One mistake, one unintentional posting of a link to Duke’s site, and Delich is now apparently someone who “posts links to articles on the website of neo-Nazi and former Ku Klux Klan member, David Duke.” How’s that for a smear job on an innocent woman? Do these seem like the actions of people who are interested in open and honest discourse on the plight of the Palestinian and Israeli people? Or are they the actions of people who, having no reasonable argument to put forth, resort to ad-homimen attacks and the blunt force instrument that is the cry of “anti-semitism”. In doing so, are these people not in fact working against the expressed desire of the Israeli people for peace with their Palestinian and Arab neighbors? In thwarting the efforts to pressure the Israeli government to fulfill the wishes of the Israeli people for a peaceful settlement (which is being forestalled by continued Israeli oppression of Palestinians), how can these people claim to be defending Jewish interests? Clearly they are not, but they are certainly defending the interests of the corrupt Israeli government, in precisely the same way that the pro-war rantings of right-wing American ‘patriots’ defend only the interests of the corrupt Bush government and their lackeys.
If I criticize the US government (which I do, often) does that mean that I hate the American people? If I criticize the Irish government (which I do, often), does that mean that I hate the Irish people? Do I hate myself? Am I a ‘self-hating Irishman’? Am I permitted to deny any association with, or that I am influenced by the real anti-semitism of the Nazi era on the basis that I was born many years later in a country many miles away with no exposure to anti-Jewish sentiment? If so, can I then claim immunity from the threat of being made guilty of anti-semitism by virtue of non-Jewishness and expect that my criticism of the Israeli government will be understood as just that – criticism is of the Israeli government – and not hatred of the disenfranchised Jewish people? Is it possible for a person to criticize or otherwise democratically agitate for the removal of a government without also wishing the demise of an entire population?

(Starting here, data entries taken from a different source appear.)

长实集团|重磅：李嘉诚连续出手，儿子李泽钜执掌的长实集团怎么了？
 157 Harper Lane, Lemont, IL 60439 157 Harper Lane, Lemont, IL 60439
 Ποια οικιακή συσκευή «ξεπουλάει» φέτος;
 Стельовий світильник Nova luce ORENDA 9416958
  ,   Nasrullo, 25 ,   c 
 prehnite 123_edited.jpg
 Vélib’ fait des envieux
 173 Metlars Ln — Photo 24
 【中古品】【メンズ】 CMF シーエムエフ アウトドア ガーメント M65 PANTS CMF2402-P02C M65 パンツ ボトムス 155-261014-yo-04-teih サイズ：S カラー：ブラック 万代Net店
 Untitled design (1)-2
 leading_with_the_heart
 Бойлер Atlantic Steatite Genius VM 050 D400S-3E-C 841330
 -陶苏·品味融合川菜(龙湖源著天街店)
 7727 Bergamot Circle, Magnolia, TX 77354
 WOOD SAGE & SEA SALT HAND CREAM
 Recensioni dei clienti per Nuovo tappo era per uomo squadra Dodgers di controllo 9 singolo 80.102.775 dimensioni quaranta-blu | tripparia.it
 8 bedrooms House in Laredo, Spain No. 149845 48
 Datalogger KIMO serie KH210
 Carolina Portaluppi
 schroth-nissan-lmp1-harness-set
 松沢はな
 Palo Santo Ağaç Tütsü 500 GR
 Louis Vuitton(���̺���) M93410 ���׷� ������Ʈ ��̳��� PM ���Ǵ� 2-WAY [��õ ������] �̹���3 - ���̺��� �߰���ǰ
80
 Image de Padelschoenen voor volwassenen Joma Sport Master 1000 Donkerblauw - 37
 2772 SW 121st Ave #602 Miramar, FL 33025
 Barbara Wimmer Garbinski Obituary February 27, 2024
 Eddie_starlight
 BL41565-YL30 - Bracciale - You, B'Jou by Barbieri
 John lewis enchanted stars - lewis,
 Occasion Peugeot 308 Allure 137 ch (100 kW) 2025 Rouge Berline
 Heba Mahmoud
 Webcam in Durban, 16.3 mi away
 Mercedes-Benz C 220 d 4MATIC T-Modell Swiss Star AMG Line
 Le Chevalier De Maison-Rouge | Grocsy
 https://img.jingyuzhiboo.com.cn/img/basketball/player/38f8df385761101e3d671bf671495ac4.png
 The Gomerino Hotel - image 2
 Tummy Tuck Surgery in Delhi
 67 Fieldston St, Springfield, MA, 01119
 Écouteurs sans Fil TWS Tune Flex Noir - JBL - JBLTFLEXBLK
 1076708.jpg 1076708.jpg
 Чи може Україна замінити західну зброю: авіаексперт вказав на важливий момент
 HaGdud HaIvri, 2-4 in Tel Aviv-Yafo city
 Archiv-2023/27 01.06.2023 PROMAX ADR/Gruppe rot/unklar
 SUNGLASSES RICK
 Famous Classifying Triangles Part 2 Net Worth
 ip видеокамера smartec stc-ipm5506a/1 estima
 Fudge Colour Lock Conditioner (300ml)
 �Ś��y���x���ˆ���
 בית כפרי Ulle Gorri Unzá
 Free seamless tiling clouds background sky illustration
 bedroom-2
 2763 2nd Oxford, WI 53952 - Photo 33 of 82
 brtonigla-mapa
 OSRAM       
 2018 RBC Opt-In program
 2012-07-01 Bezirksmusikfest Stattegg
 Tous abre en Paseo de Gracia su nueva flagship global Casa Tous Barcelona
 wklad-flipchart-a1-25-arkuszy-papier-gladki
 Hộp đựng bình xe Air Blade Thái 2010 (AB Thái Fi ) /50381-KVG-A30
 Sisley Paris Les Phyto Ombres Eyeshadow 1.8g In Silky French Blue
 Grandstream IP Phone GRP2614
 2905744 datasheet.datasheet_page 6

Is it possible that the vast majority of critics of the Israeli government are motivated by a sense of empathy with the suffering of the Palestinians, and outrage at the Israeli government as the source of that suffering, rather than a bizarre and unrelated hatred of Jews? And is it possible that those who refuse to accept this contention and instead condemn government critics as “anti-semites” do so because they themselves simply do not, or cannot feel such empathy for the oppressed? Is the problem here that we are essentially talking different ‘languages’? If this is the case, and my own experience suggests that it is, then perhaps we should recognise it and ‘draw the line’. Let the anti-boycott and pro-Israel camp continue to prevaricate and excuse the abuse of the innocent, and let the rest of continue to fight for justice.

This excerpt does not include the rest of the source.